ANA SAYFA             SURELER    KONULAR

 

HAC

45

فَكَأَيِّن مِّن قَرْيَةٍ أَهْلَكْنَاهَا وَهِيَ ظَالِمَةٌ فَهِيَ خَاوِيَةٌ عَلَى عُرُوشِهَا وَبِئْرٍ مُّعَطَّلَةٍ وَقَصْرٍ مَّشِيدٍ

 

45. Nice memleketler vardır ki (ahalisi) zalim iken, Biz onu helak ettik. İşte çatıları düşüp üzerlerine duvarları yıkılmış; kuyular sahipsiz, yüksek köşkler (ıssız) kalmıştır.

 

"Nice memleketler vardır ki" ahalisi küfür ile "zalim iken Biz onu" oranın ahalisini "helak ettik." "Nice" kelimesine dair açıklamalar da daha önce Al-i İmran Suresi'nde (146. ayetin tefsirinde) geçmiş bulunmaktadır.

 

"İşte çatıları düşüp, üzerlerine duvarları yıkılmış." Bu buyruğa dair açıklamalarla daha önceden el-Kehf Suresi'nde (42. ayetin tefsirinde) geçmiş bulunmaktadır.

 

"Kuyular sahipsiz, yüksek köşkler (ıssız) kalmıştır." ez-Zeccac der ki: "kuyular sahipsiz" ifadesi "memleketler" kelimesine atfedilmiştir.
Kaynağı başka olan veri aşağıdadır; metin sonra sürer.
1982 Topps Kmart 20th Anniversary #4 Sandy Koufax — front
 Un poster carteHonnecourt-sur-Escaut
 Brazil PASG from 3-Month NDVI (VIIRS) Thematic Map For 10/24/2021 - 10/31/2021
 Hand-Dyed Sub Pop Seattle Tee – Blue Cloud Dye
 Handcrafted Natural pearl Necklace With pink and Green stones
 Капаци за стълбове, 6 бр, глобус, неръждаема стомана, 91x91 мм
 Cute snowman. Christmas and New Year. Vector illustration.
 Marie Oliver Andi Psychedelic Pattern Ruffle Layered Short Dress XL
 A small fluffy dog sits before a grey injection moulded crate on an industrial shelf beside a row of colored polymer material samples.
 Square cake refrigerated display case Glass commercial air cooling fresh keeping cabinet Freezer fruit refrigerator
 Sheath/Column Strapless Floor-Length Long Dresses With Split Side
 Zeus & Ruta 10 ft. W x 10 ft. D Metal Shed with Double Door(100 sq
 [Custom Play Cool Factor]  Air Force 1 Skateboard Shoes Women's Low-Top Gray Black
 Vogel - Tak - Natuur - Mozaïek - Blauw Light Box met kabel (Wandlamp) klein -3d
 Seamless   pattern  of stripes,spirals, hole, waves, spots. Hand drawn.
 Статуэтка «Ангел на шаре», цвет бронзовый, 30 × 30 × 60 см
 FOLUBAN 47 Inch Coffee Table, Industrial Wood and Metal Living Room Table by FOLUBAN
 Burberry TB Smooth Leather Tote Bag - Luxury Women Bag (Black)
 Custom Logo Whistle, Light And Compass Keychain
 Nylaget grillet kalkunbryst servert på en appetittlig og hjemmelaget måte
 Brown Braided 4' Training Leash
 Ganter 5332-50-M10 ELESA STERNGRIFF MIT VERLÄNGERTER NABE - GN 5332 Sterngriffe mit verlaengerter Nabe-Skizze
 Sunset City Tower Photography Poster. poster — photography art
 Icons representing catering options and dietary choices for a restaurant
Yani nice memleketler ahalisi ile nice kuyular ahalisi (vardır ki, Biz onları helak etmişizdir).

 

el-Ferra'nın kanaatine göre ise "kuyular" kelimesi "çatıları" kelimesine atfedilmiştir.

 

el-Esmai der ki: Ben Nafi' b. Ebi Nuaym'e "(kuyu anlamına gelen): bi'r" kelimesi ile "(kurt anlamına gelen) zi'b" kelimesinde hemze var mıdır? diye sordum. O şu cevabı vermiştir: Eğer Araplar bunları hemzeli okuyorlarsa, sen de onları hemzeli oku. Nafi'den rivayet edenlerin bir çoğu bu iki kelimeyi hemzeli okurlar. Ancak Verş'in, Nafi'den rivayeti bu iki kelimeyi hemzesiz okumak şeklindedir, asl olan ise hemzeli olduklarıdır.

 

"Sahipsiz" kelimesi terkedilmiş anlamındadır. Bu açıklamayı ed-Dahhak yapmıştır. Ahalisi helak olduğu için çevresinde kimse kalmamış, boş anlamına geldiği de söylenmiştir. Suyu çekilmiştir, diye de açıklanmıştır. Kuyuların başında kovaları ve bu kovaların bağlandığı ipleri yoktur, diye de açıklanmıştır. Anlamlar birbirine yakındır.

 

"Yüksek köşkler" buyruğunu Katade, ed-Dahhak ve Mukatil, yüksek ve uzun diye açıklamışlardır. Adiy b. Zeyd der ki: "O sarayını sert mermerle yükseltti ve kireç ile sıvadı, Onun tepelerinde ise kuşlara yuvalar vardır."

 

Said b. Cübeyr, Ata, İkrime ve Mücahid de "meşıd; yükseltilmiş" kelimesinin alçı ile sıvanmış anlamında kullanıldığını söylemişlerdir. Recez vezninde de şair şöyle demektedir:

 

"Ben her ne kadar deneyimsiz bir kimse isem dahi, sen beni sanmayasın, Çamur ile alçı arasındaki su yılanı gibi."

 

İmruu'l-Kays da şöyle demektedir: "(Gelen sel) taş ve çakıldan yapılmış hiçbir yapı bırakmadı; oldukça sağlam taşlarla yükseltilmiş olan müstesna"

 

İbn Abbas, bu kelimenin oldukça sağlam, korunan anlamında olduğunu söylemiştir. el-Kelbı de böyle açıklamıştır. Bu kelime "mef'ul" anlamında ve "mef'il" veznindedir. Mebyu' (satılan) anlamında mebi' demek gibi.

 

el-Cevherı der ki: "el-Meşıd" kelimesi şıd ile yapılmış olan demektir. Bu da alçı yahut buna benzer duvarın kendisi ile sıvandığı herbir malzemenin adıdır. "Şin" harfi üstün söylenirse (şeyd şeklinde) mastar olur. "Onu alçıladı," demektir. Şeddeli olarak; "Uzunca yapılmış, boyu uzatılmış" anlamındadır. el-Kisai der ki: "Yüksek" tekil için kullanılır. Yüce Allah'ın: "Yüksek köşkler" buyruğunda olduğu gibi. Şeddeli olarak kullanılırsa, çoğul anlamındadır. Yüce Allah'ın: "Yüksek kaleler içinde ... ''(en-Nisa, 78) buyruğunda olduğu gibi.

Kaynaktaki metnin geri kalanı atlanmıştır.